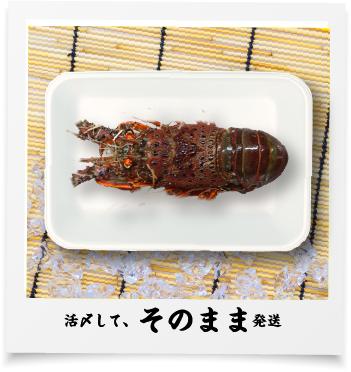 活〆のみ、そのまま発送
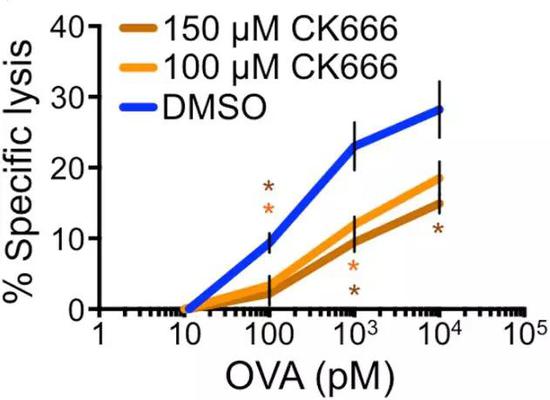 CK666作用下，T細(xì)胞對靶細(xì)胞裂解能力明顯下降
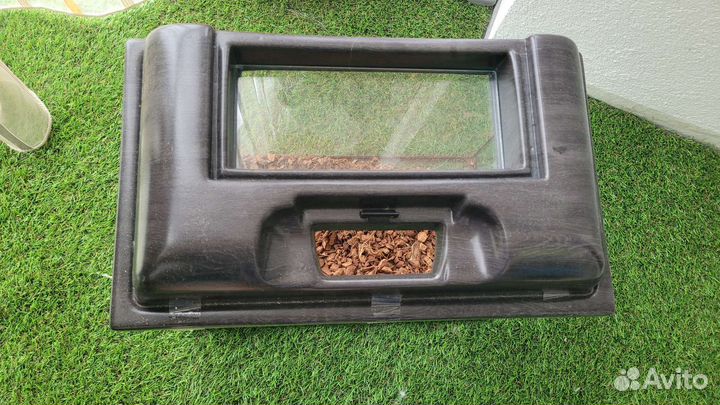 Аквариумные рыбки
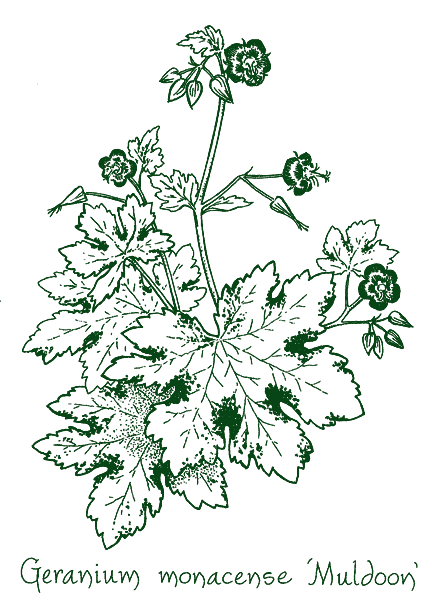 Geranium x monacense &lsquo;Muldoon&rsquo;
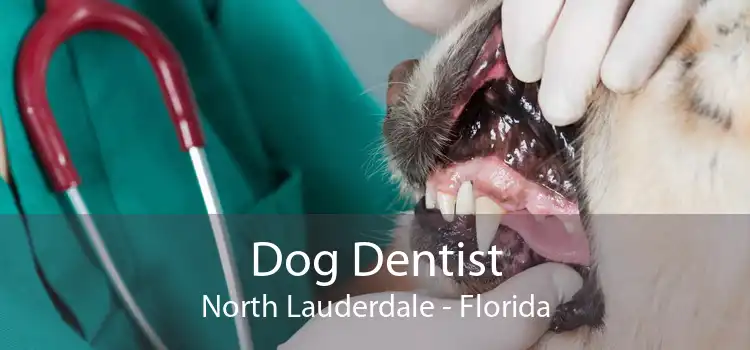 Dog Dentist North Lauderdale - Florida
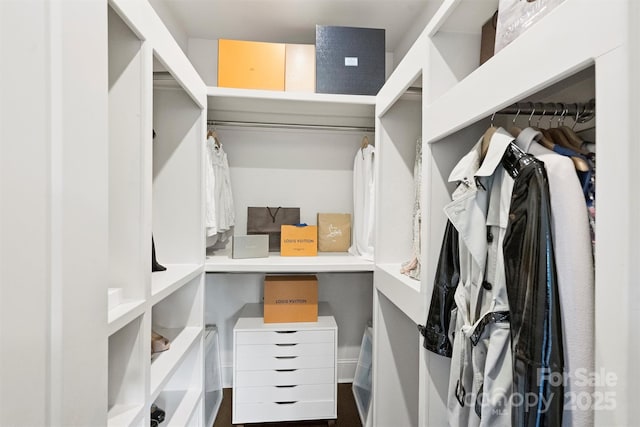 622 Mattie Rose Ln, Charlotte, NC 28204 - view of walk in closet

— Aim of the task —
Return the complete material above exactly, with no picture.

— Answer section —
 活〆のみ、そのまま発送
 CK666作用下，T細(xì)胞對靶細(xì)胞裂解能力明顯下降
 Аквариумные рыбки
 Geranium x monacense &lsquo;Muldoon&rsquo;
 Dog Dentist North Lauderdale - Florida
 622 Mattie Rose Ln, Charlotte, NC 28204 - view of walk in closet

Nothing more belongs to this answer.